Serge Delaive. Tango fractal

Serge DELAIVE, Argentine, suivi d’un entretien avec Anne-Lise Remacle, Impressions nouvelles, coll. « Espace Nord », 2020, 220 p., 9 €, ISBN : 978-2-87568-486-8

argentine serge delaive espace nordDans son roman Argentine couronné par le Prix Rossel en 2009, le romancier, poète et photographe Serge Delaive délivre une composition narrative entre rhizomes et puzzles. Ce n’est qu’au fil de la lecture que se rassemblent les fragments de vie de divers personnages — Hernán, Lunus, Juan Serafini, Sofiá, Lucas, Angel — ayant pour toile de fond l’Argentine. Un jeu d’échos se met en place entre la crise économico-socio-politique qui frappa l’Argentine en 2001, entre le chapelet de crises qu’elle  a traversées (1998-2002, 2004…), et les dérives existentielles que subissent les personnages. Lieu des confins, extrême bout austral du monde bordé par la Terre de Feu et l’océan, l’Argentine attire les êtres en quête de sens, ceux et celles qui, comme Lucas partant sur les traces de son père volatilisé, recherchent des fantômes, des disparus, se perdant dans le mouvement où ils s’engagent dans la poursuite d’une chimère. Argentine est bâti comme un tango houleux entre des êtres et des espaces géographiques dans lesquels ils plongent afin de remailler le temps, d’ajointer des éclats de vie épars.

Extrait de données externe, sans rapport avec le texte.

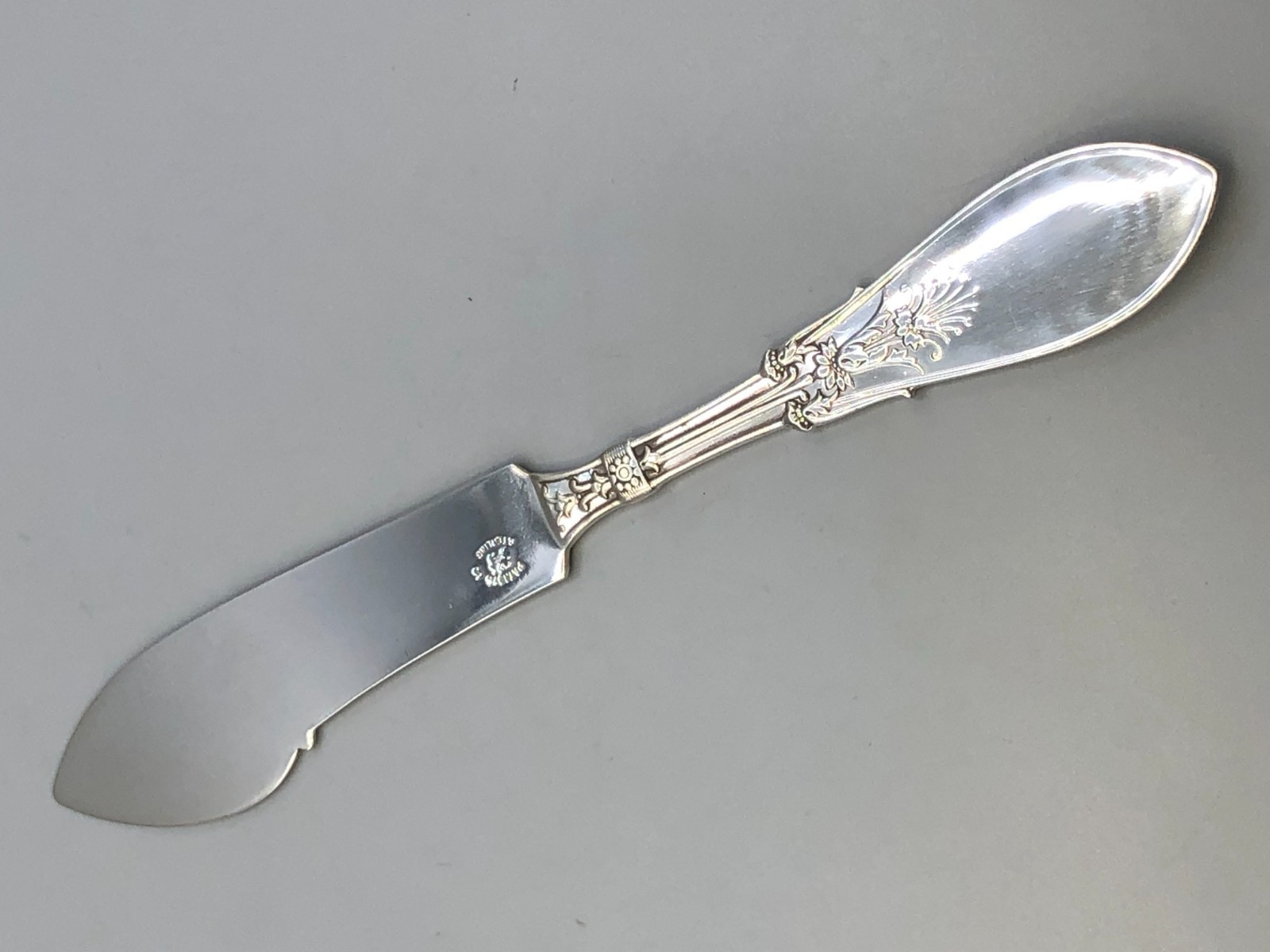 Arabesque by Whiting sterling silver individual Fish / Dessert Knife 7.25"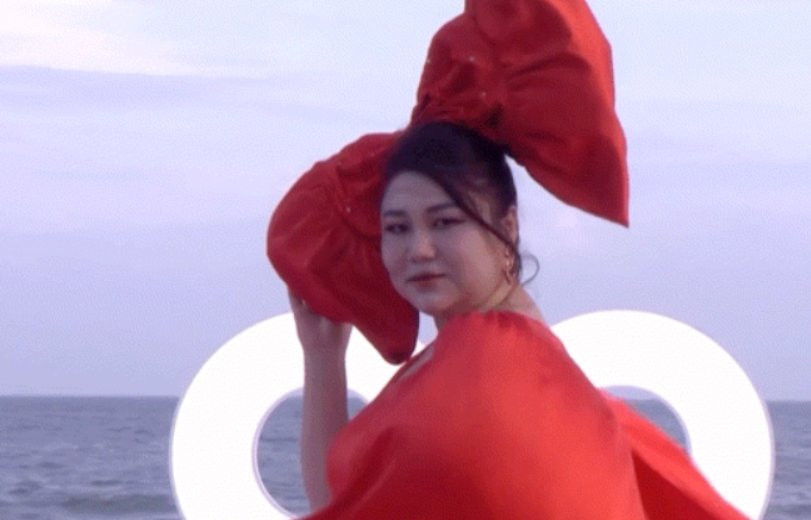 对比41岁贾玲与39岁杨天真后,才发现割胃瘦和运动瘦差距一目了然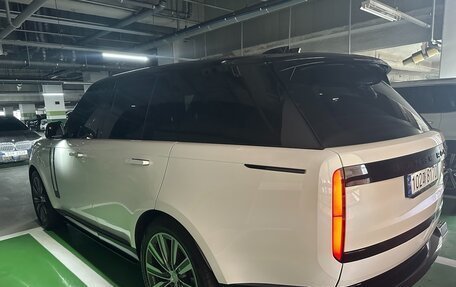Land Rover Range Rover IV рестайлинг, 2022 год, 13 256 000 рублей, 2 фотография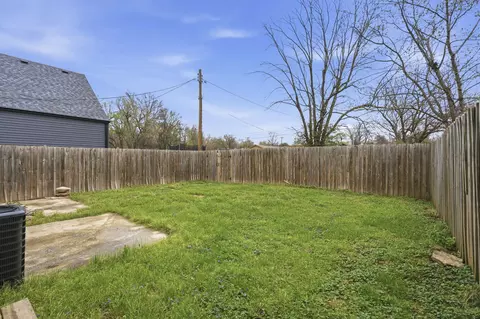 Exterior - 910 S Nettleton Ave, Springfield, MO 65806 photo 3 of 5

Les exergues fournissent souvent des clés de lecture. Serge Delaive ouvre son roman sur une citation de Benoît Mandelbrot, l’inventeur des fractales. Objet mathématique, les fractales désignent des structures similaires à toutes les échelles, marquées par l’auto-similarité et l’irrégularité. Intitulé « Nuages », le quatrième chapitre met en scène Henk Somers, un ancien photoreporter de guerre qui, désormais incapable de montrer l’horreur des conflits, photographie les habitants du ciel, cumulus, nimbus, cirrus, stratus et autres. Dans la nature, il existe de nombreux objets fractals au nombre desquels les nuages dont l’irrégularité de la forme interdit qu’ils soient décrits par la géométrie traditionnelle. C’est en tant qu’élément fractal que les nuages font l’objet d’un chapitre succédant au chapitre « Fractales ». S’il n’est pas conçu comme un objet fractal, Argentine se penche sur des créatures aux contours irréguliers que la géométrie narrative consommée ne peut appréhender. Au travers de Lucas quittant l’Europe pour l’Argentine afin de rechercher son père, au travers de Juan Serafini rallié à la cause anarchiste, d’Hernán englouti par un trou noir, le romancier s’aventure dans les paysages éclatés d’identités en crise. En 2001, l’Argentine s’écroule, le pays sombre dans le chaos. Chaque protagoniste fait l’épreuve d’un effondrement, d’un sentiment de perte, est la proie d’une errance qui tantôt se creusera vers la délivrance, tantôt s’exacerbera jusqu’au point de non retour. Serge Delaive loge son récit dans les zones de l’incontrôlable, là où des forces plus grandes qu’eux possèdent des personnages se débattant au milieu d’éléments qu’ils ne maîtrisent pas, là où l’omniscience du narrateur se délite et fait place à un ballet d’ombres, à une dissémination irrelevable. Les spectres de Roberto Bolaño, de Robert Capa, de l’albatros de Baudelaire et de Coleridge, du conquistador Hernán Cortés, de la chanson de Neil Young « Cortez the Killer » ou encore la stature de Maradona, le dieu du football, planent sur Argentine, un roman que Serge Delaive a conçu comme le deuxième volet d’une trilogie articulée autour du personnage de Lunus (le premier volet étant Café Europa).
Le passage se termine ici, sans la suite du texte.